📚FA2: QK Fine-grained Tiling
What's Changed
- [FA2] hotfix flash-attn-mma smem size setting✔️ by @DefTruth in #170
- [FA2] reorder grid layout, boost 5~10% TFLOPS✔️ by @DefTruth in #171
- [FA2] optimize block tiling for headdim >= 128✔️ by @DefTruth in #172
- [FA2] flash-attn-mma tiling-qk for large d⚡️ by @DefTruth in #173
- [FA2] fix tiling-qk misaligned address✔️ by @DefTruth in #174
- [README] Refactor README.md✔️ by @DefTruth in #175
- [README] Refactor README✔️ by @DefTruth in #176
📚 Split Q + QK Fine-grained Tiling (O(16xd) SRAM vs FA2 O(4xBrxd) SRAM, Headdim -> 1024
)
// Fine-grained tiling at the MMA level for Q and K results in a constant SRAM usage of
// 64 * kMmaAtomK for Q and K. For V, the SRAM complexity is O(kMmaAtomK * d), leading to
// an overall SRAM complexity of O(kMmaAtomK * d).
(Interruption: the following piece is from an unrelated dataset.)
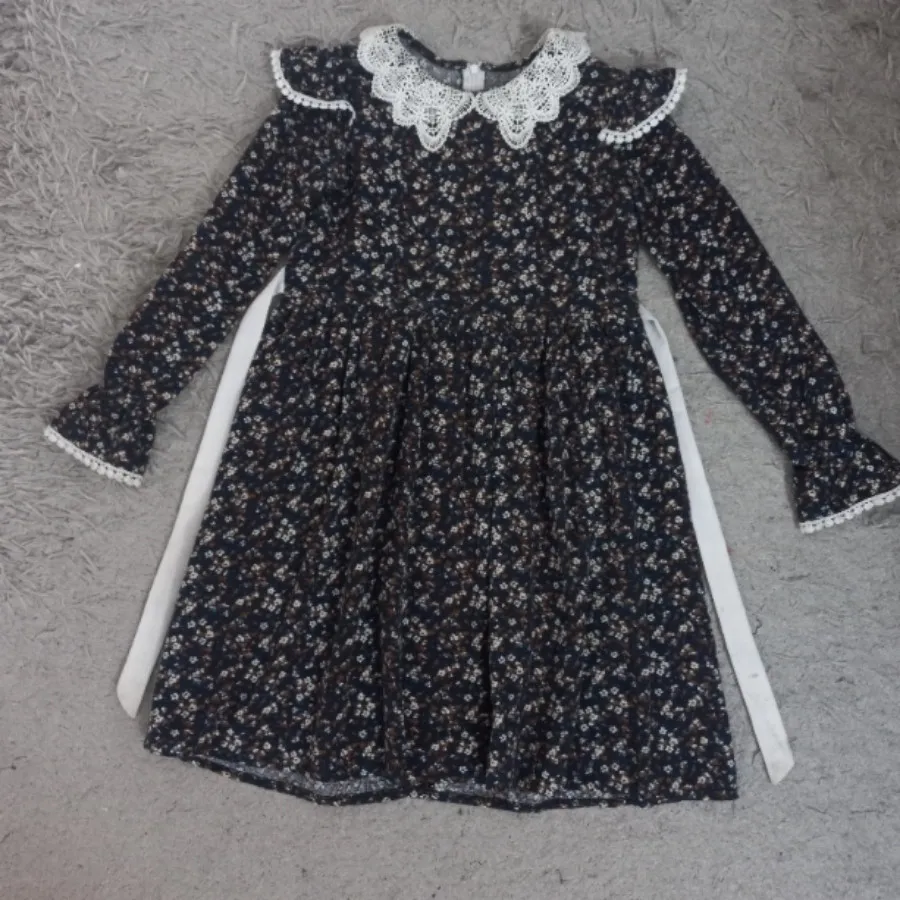 پیراهن دخترانه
Consequently, this approach allows us to
// extend D (head dimension) up to 1024. Performance is stay tuned for updates ~
__global__ void // Q, K, V, O -> [B, H, N, D]
flash_attn_mma_stages_split_q_tiling_qk_kernel(half* Q, half* K, half* V, half* O, ...);
Full Changelog: v2.6.9...v2.6.10